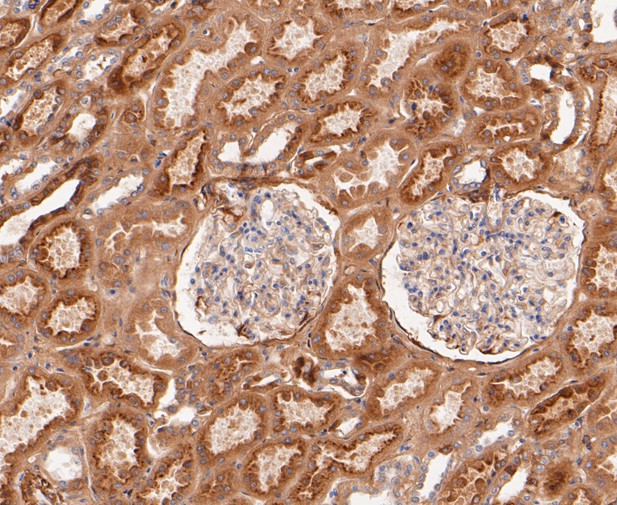 Paraformaldehyde-fixed, paraffin embedded Human kidney; Antigen retrieval by boiling in sodium citrate buffer (pH6.0) for 15min; Block endogenous peroxidase by 3% hydrogen peroxide for 20 minutes; Blocking buffer (normal goat serum) at 37°C for 30min; Antibody incubation with SAA4 Monoclonal Antibody, Unconjugated (bsm-54660R) at 1:50 for 30 minutes at room temperature, DAB staining.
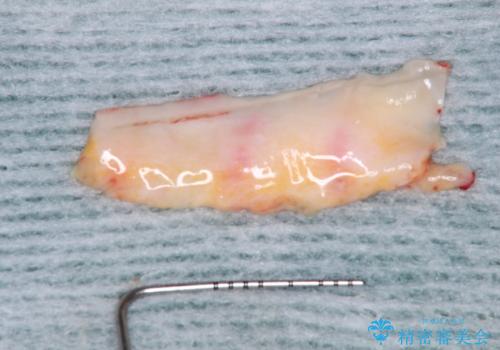 下顎前歯の歯肉退縮 歯肉移植による根面被覆の治療中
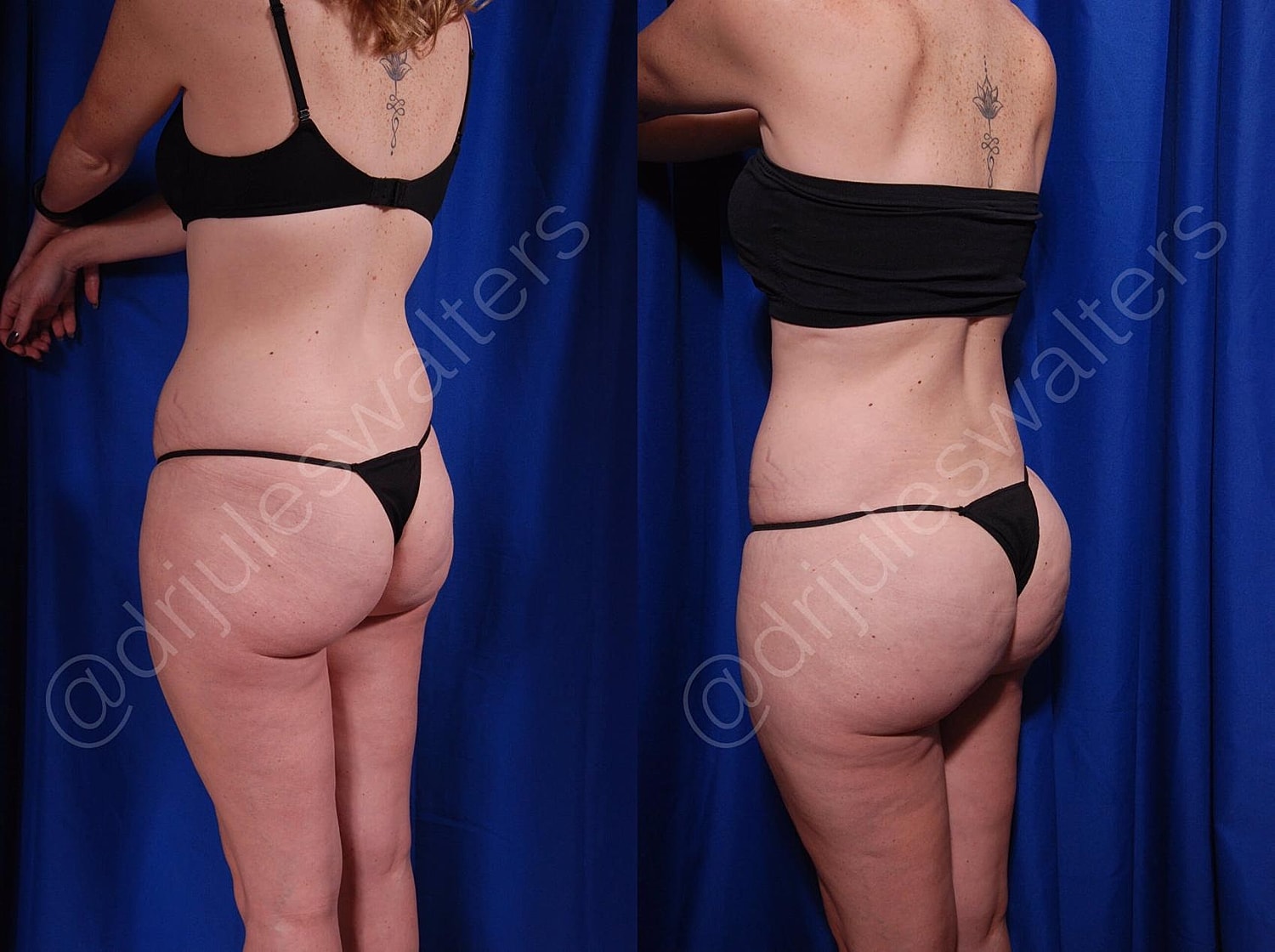 Brazilian Butt Lift Before & After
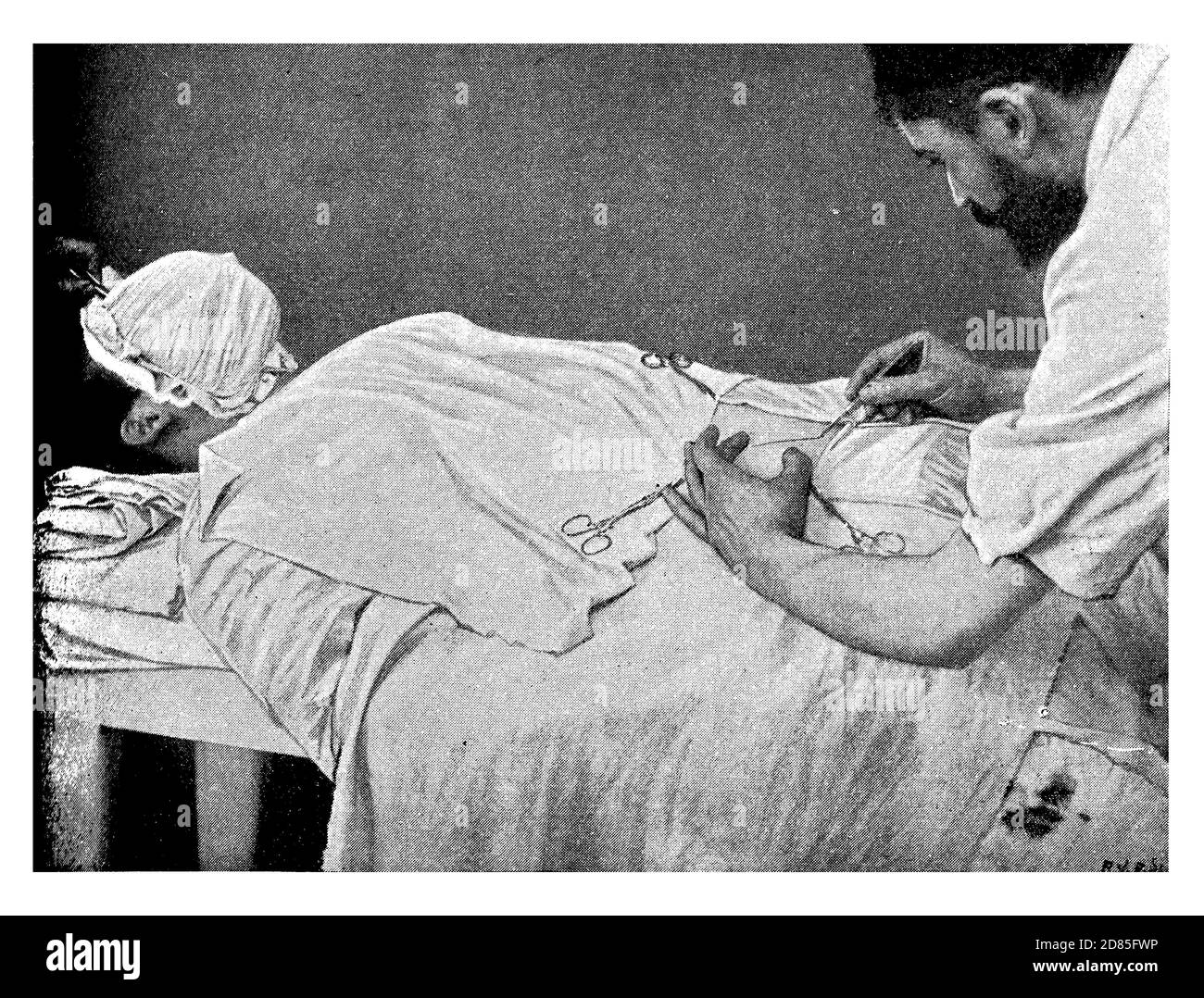 Healthcare and medicine vintage illustration: surgical removal of the appendix with an open incision in the abdomen (laparotomy) Stock Photo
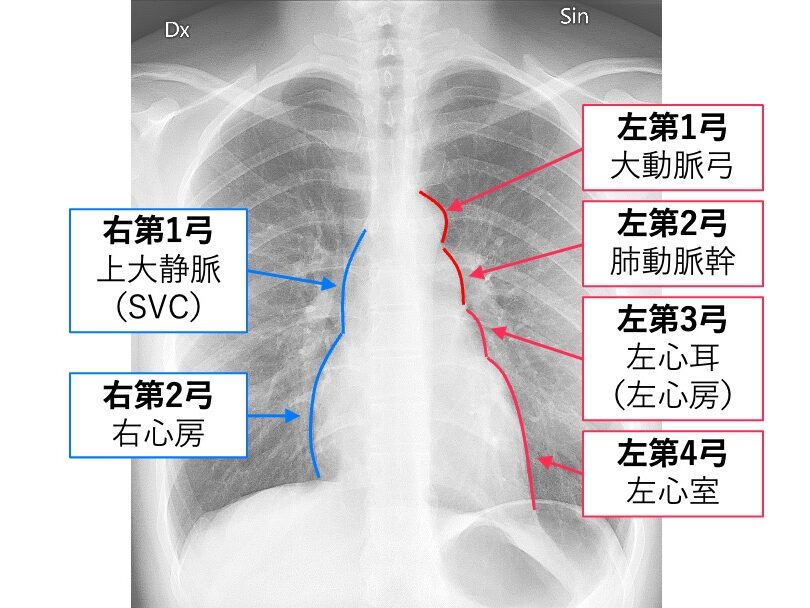 胸部X線画像に、心陰影の右第1弓〜左第4弓の部位を示した図。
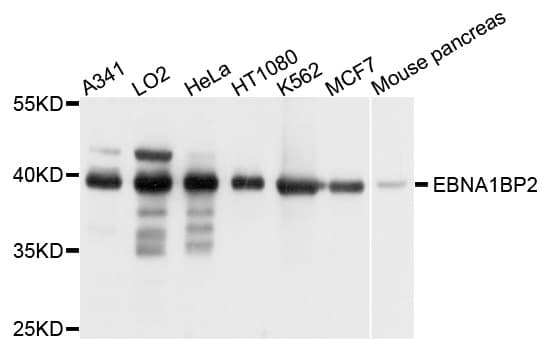 EBNA1BP2 Antibody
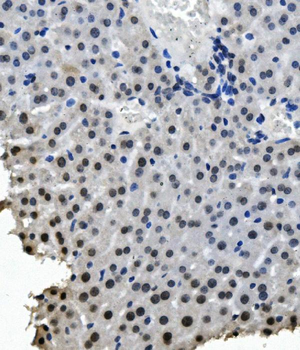 RNA Helicase A/DHX9 Rabbit Polyclonal Antibody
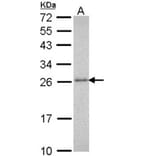 20S Proteasome alpha3 antibody from Signalway Antibody (22598) - Antibodies.com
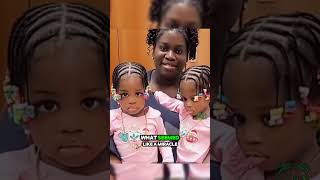 Formerly Conjoined Twin Azora Elson Passed Away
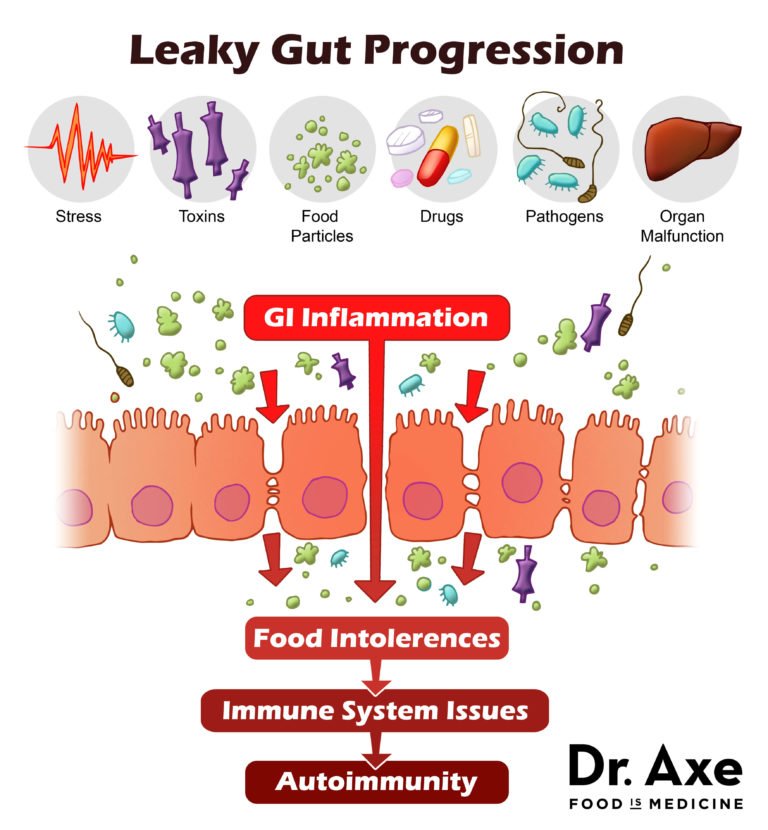 3 Steps to Heal Leaky Gut and Autoimmune Disease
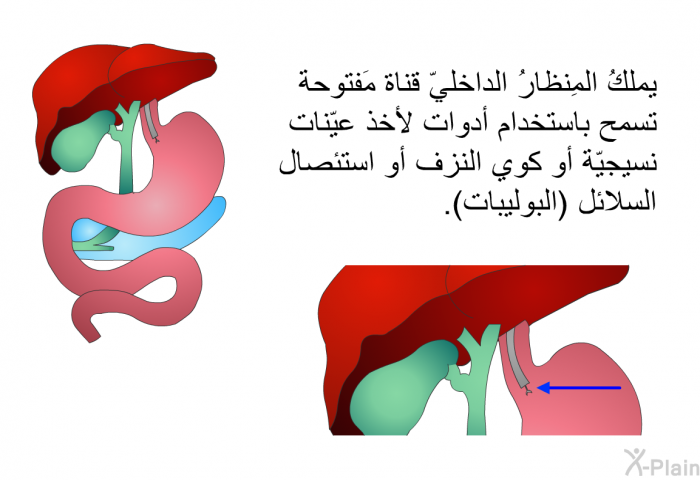 يملكُ المِنظارُ الداخليّ قناة مَفتوحة تسمح باستخدام أدوات لأخذ عيّنات نسيجيّة أو كوي النزف أو استئصال السلائل (البوليبات).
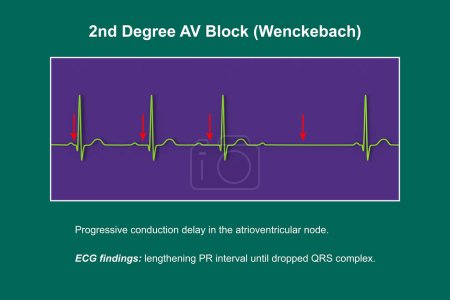 3D-Illustration zur Visualisierung eines EKGs des 2. Grades AV-Blocks (Wenckebach), das die abnorme elektrische Leitung im Herzrhythmus hervorhebt.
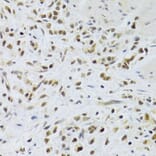 Immunohistochemistry - Anti-Rad50 Antibody (A88557) - Antibodies.com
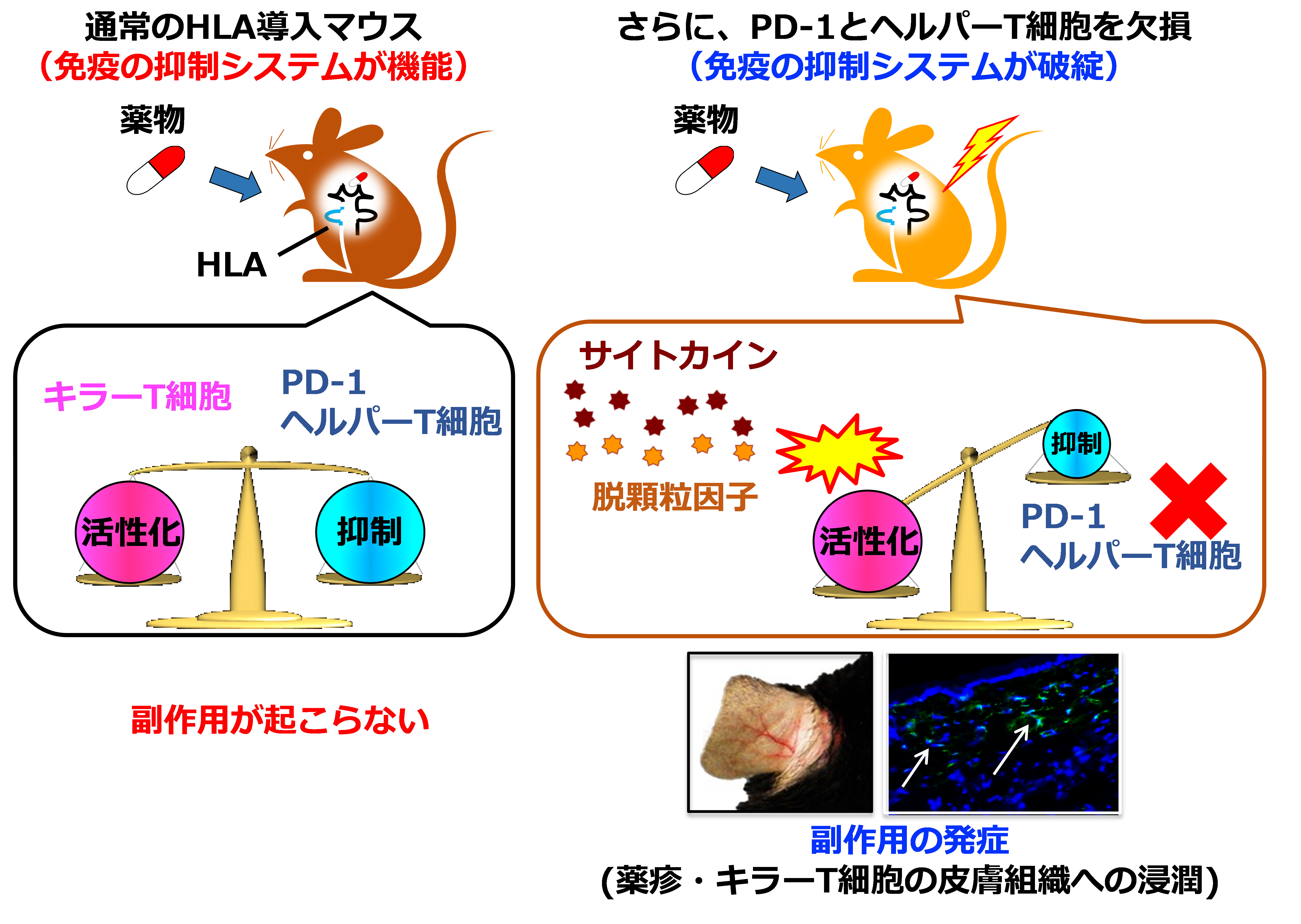 免疫の抑制系が医薬品による副作用発症をコントロールすることを発見 国立大学法人千葉大学のプレスリリース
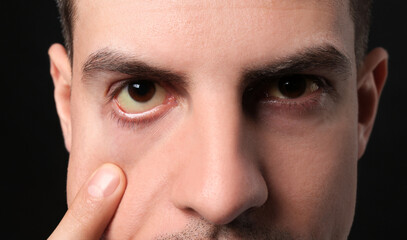 Obraz premium Man checking his health condition on black background, closeup. Yellow eyes as symptom of problems with liver
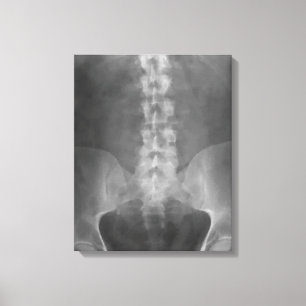 Digitaal röntgenschilderwerk canvas afdruk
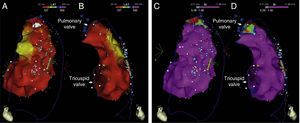 Endocardial maps of the right ventricle. Mapping of time to end of local bipolar electrogram in anteroposterior view (A) and right lateral view (B): activation of the endocardial regions ends during the surface QRS (in red), which ended 127 ms after the map reference. Mapping of bipolar voltage in anteroposterior view (C) and right lateral view (D): all endocardial regions of the right ventricle show normal voltage (>1.5 mV) (in pink).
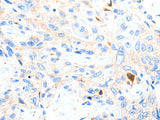 P2RY1 Polyclonal Antibody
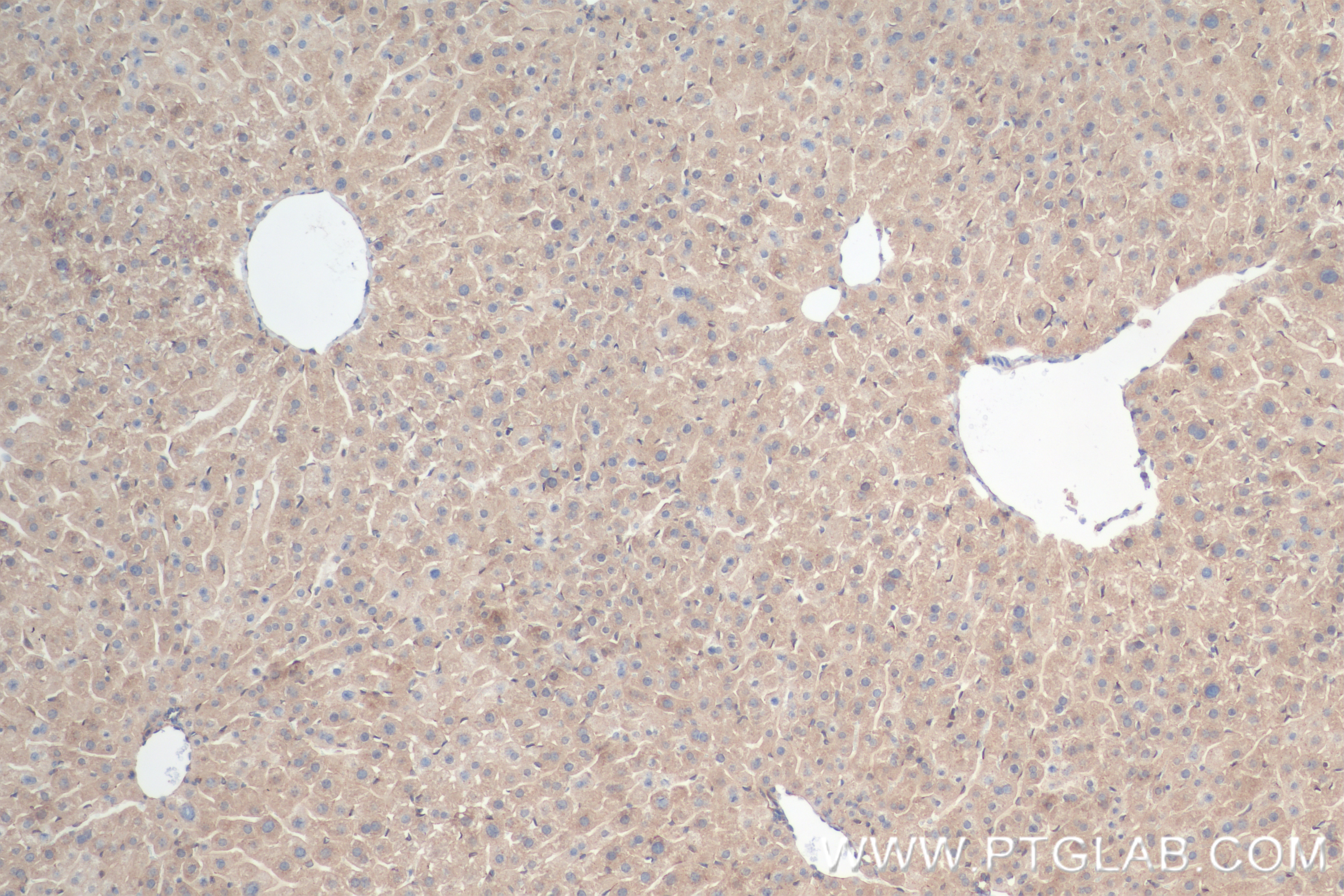 Immunohistochemistry (IHC) staining of mouse liver tissue using NDE1 Recombinant antibody (84799-4-RR)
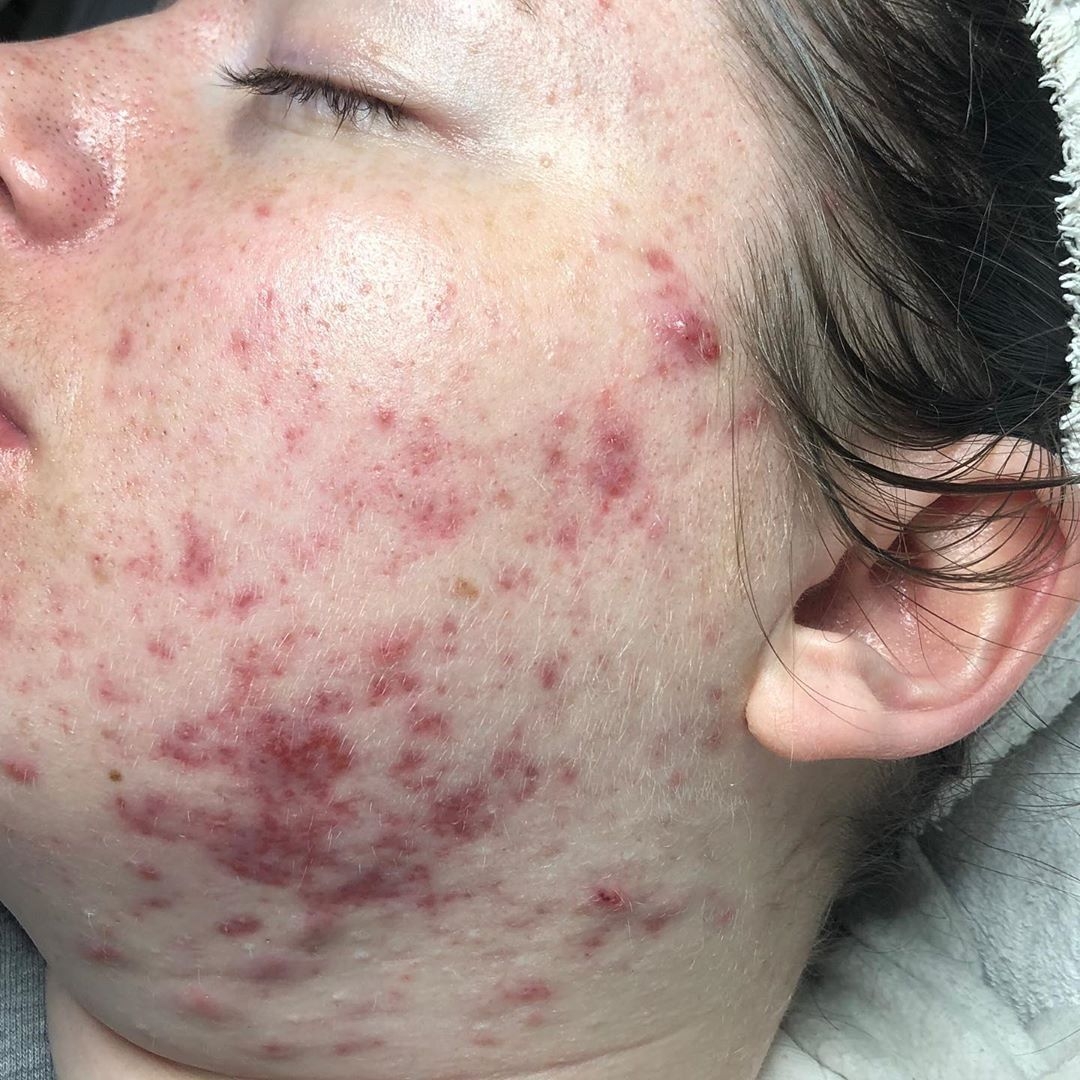 Before & After Acne Treatments before image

==================================================

Exercise aim:
Nothing should appear in the answer except the lines from the one containing "Immunohistochemistry (IHC) staining" through the last line of the listing, given again exactly and with no pictures.

Result of the task:
 Immunohistochemistry (IHC) staining of mouse liver tissue using NDE1 Recombinant antibody (84799-4-RR)
 Before & After Acne Treatments before image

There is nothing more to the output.